- [WORK TASK]: Transcribe nothing except the lines below that run from the one with "Il Rustichello - Ristorante" to the one with "Omega s Home Mated to the Alpha 2", ends included, and do not copy any picture.

- [DATASET EXCERPTS]:
_____
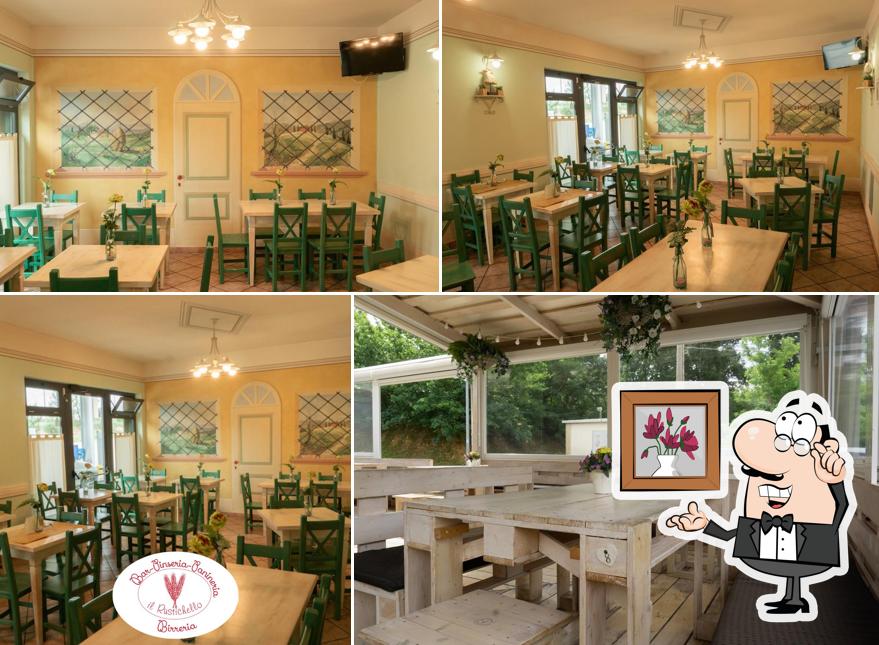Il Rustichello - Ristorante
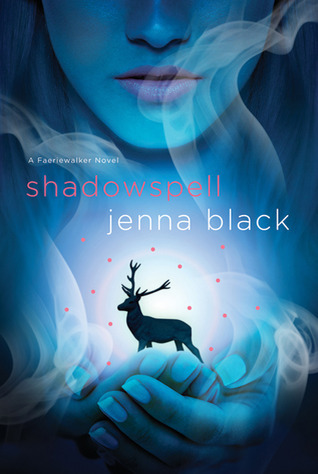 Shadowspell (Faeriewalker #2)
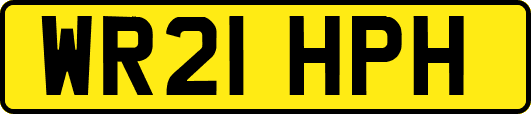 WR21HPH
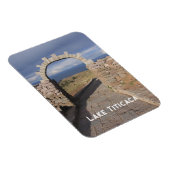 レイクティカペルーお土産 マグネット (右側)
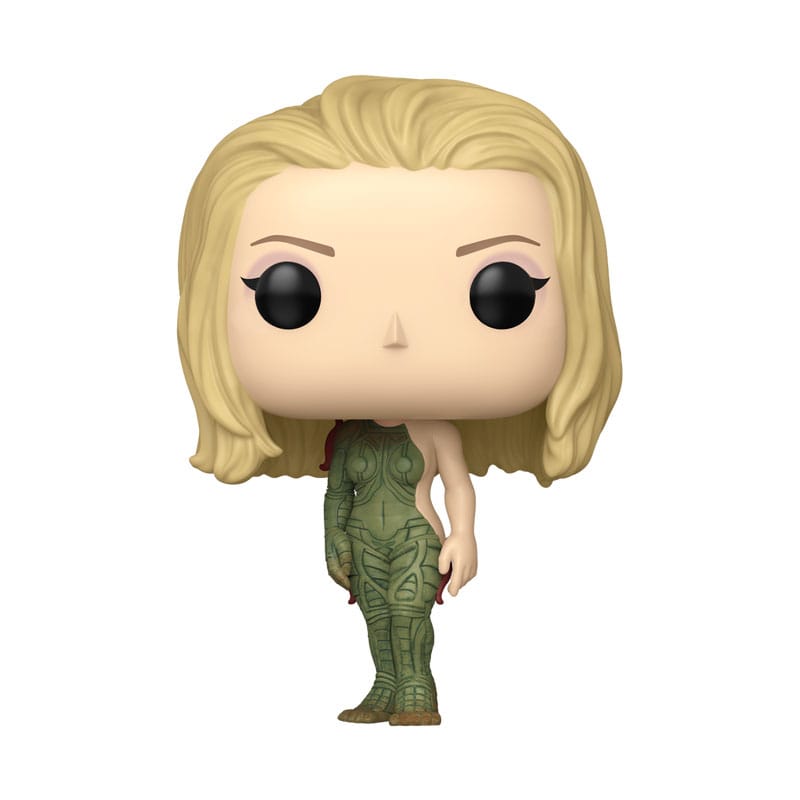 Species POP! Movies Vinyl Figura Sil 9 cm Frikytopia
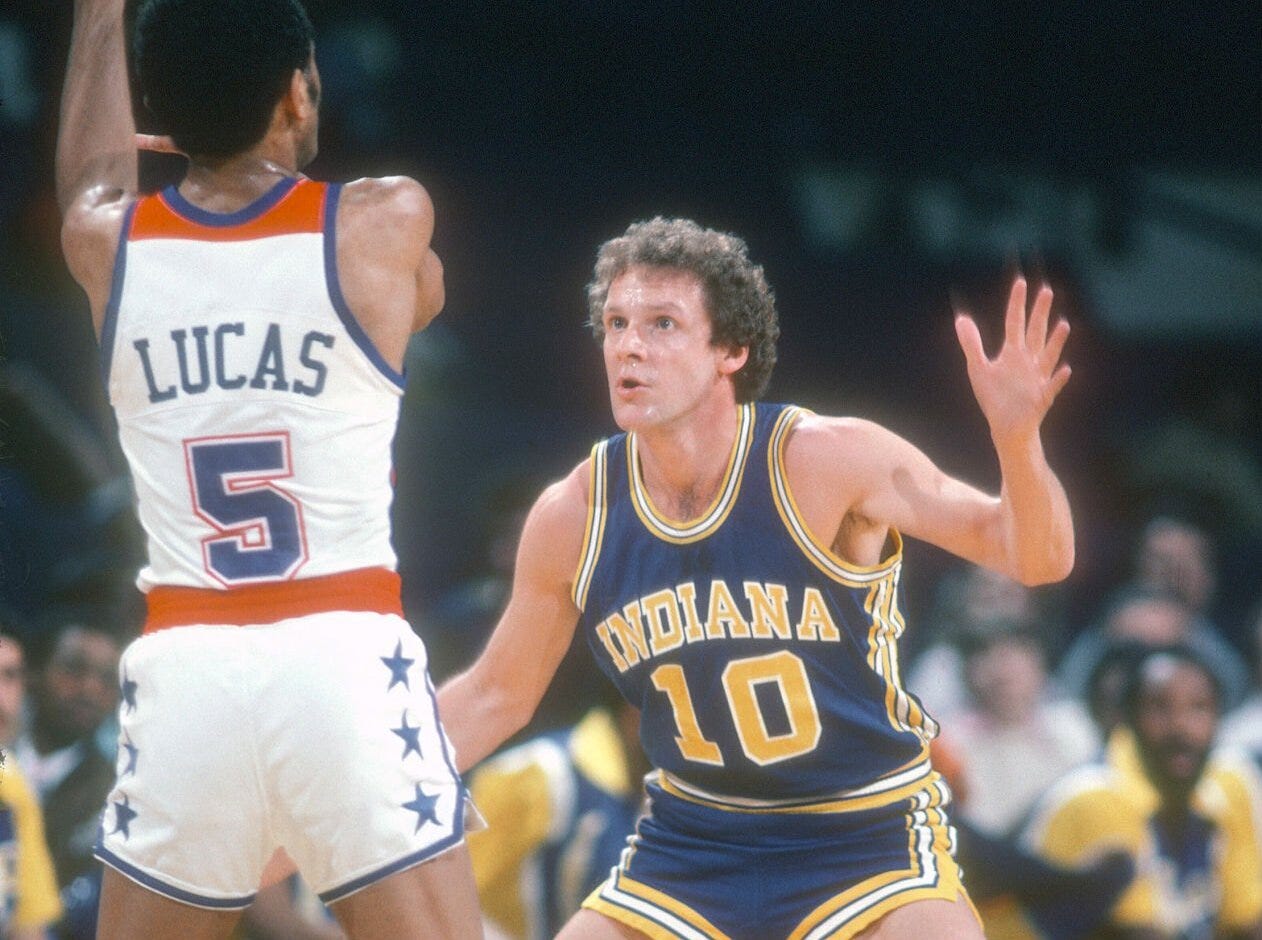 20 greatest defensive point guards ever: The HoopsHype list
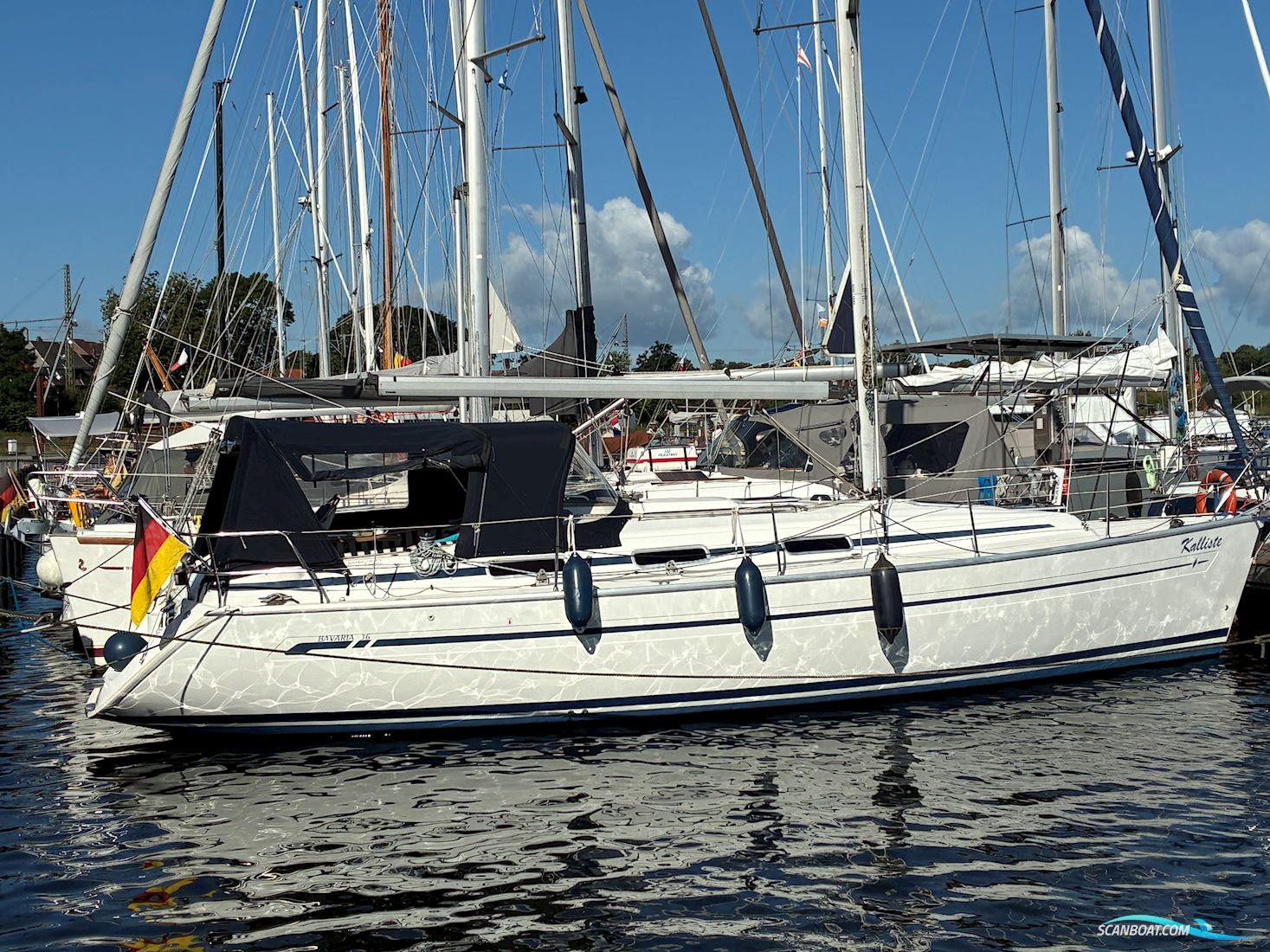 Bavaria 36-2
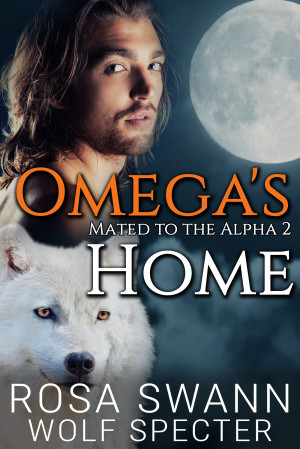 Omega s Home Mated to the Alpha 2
_____
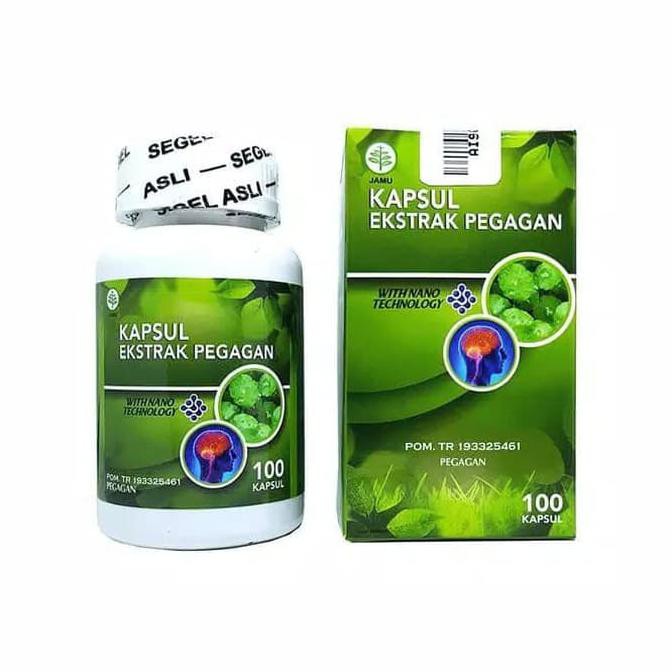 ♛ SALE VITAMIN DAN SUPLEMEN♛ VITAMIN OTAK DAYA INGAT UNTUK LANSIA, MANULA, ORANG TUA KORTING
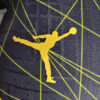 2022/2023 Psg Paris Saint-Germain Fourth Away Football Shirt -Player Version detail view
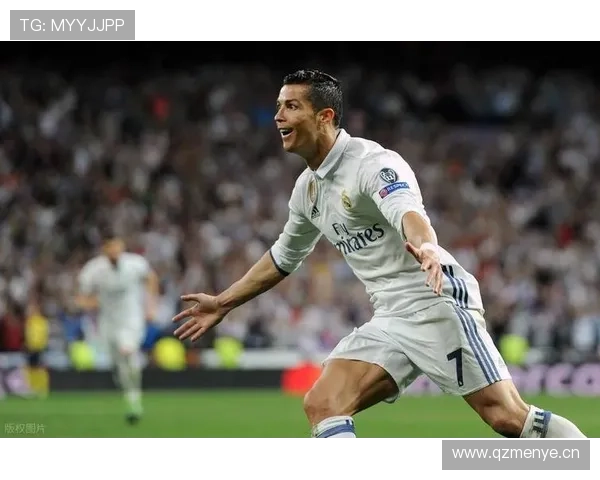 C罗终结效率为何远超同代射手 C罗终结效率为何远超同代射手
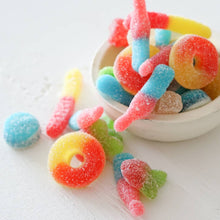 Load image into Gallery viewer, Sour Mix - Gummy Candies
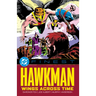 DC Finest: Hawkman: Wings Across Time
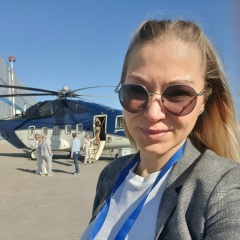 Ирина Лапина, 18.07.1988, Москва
_____
- [TASK OUTPUT]:
Il Rustichello - Ristorante
 Shadowspell (Faeriewalker #2)
 WR21HPH
 レイクティカペルーお土産 マグネット (右側)
 Species POP! Movies Vinyl Figura Sil 9 cm Frikytopia
 20 greatest defensive point guards ever: The HoopsHype list
 Bavaria 36-2
 Omega s Home Mated to the Alpha 2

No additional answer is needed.